The report finds that in the Oslo area of Nedre Toyen, two out of three children live in poor families, while just several steps from there, in the Kampen area, the proportion is one in five.

Citing a recent research, Aftenposten wrote that the differences in child poverty in different areas of Oslo appeared to be far greater than the variations between the districts themselves.

While in three areas in the borough of Gamle Oslo more than 50 percent of the children grow up in poor families, in the western areas the same applies to only 5 percent of them.

"One can be alarmed by looking at the numbers in some of the areas. It is bad when 64 percent of the children in Nedre Toyen grow up below the poverty line. This reproduces social inequalities in the area," Ingar Brattbakk, researcher at the Work Research Institute (AFI) told Aftenposten.

Brattbakk and his colleague Bengt Andersen have made a report on neighborhood effects.

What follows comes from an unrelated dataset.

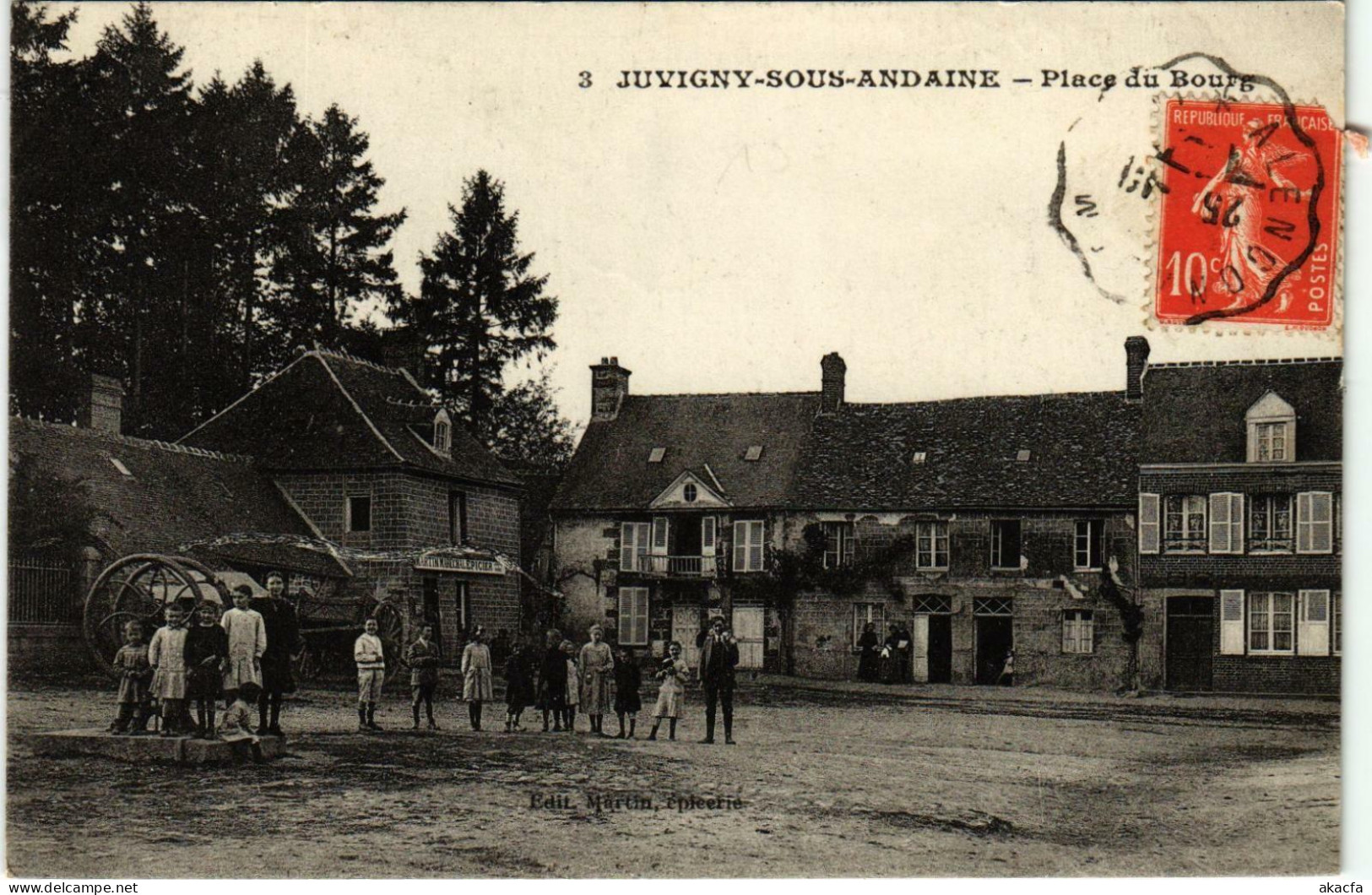 CPA Juvigny Sous Andaine - Place De Bourg (800352) - Juvigny Sous Andaine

They concluded that the place that children grow up in has a meaning of itself for their opportunities later in life.

The report reviews both Norwegian and international research on the neighborhood effect.

"It would be going too far to say that you get poor by living in a poor area. However, living in an area with many neighbors who have poor living conditions, low income and education reduces one's chances in life," Brattbakk said.

According to the report, there has been much research on family background and the importance of school in Norway, but much less on the impact of neighborhoods and close environment.

The report has, among other things, shown that children and adolescents from families holding a lower socioeconomic position are more affected by the neighborhood than those who come from homes where parents have higher education and income.

The higher the proportion of upper-class parents in the neighborhoods of young people, the bigger is the likelihood for youths themselves to take up elite education and achieve an upper-class position in adulthood, the researchers concluded.

"The neighborhood is an important arena for development of what is called 'social and cultural capital', which in everyday language means good network, such as contacts that can help you get a job as an adult or language and skills that make it easier to succeed at school," Brattbakk said.

Child poverty is particularly high among certain immigrant groups, but almost half of the children in low income families are ethnic Norwegian, Aftenposten wrote.

"There are many good measures described in the government's strategy against child poverty, but many of them are primarily about relieving rather than counteracting social inequality," Brattbakk stated.

Mari Trommald, director of Norwegian Directorate for Children, Youth and Family Affairs (Bufdir), expressed worry about increasing differences in child poverty in Oslo districts.

"We are worried that development is going the wrong way. The figures show that in a few years poverty has grown even bigger in suburbs where it was also great five years ago. In many of the western districts it is the opposite," she said.

Poor children are at greater risk of less education, falling outside the workplace and getting worse health than other children. This effect is enhanced when they also live in neighborhoods where many others struggle with the same problems, Trommald said.

Other Norwegian cities also have high child poverty, but Oslo is in a special position, Aftenposten reported.

Alna district of Oslo has as many children in poor families as the entire municipality of Trondheim together and four of the districts in Oslo each have significantly more children in poor families than total number in Stavanger.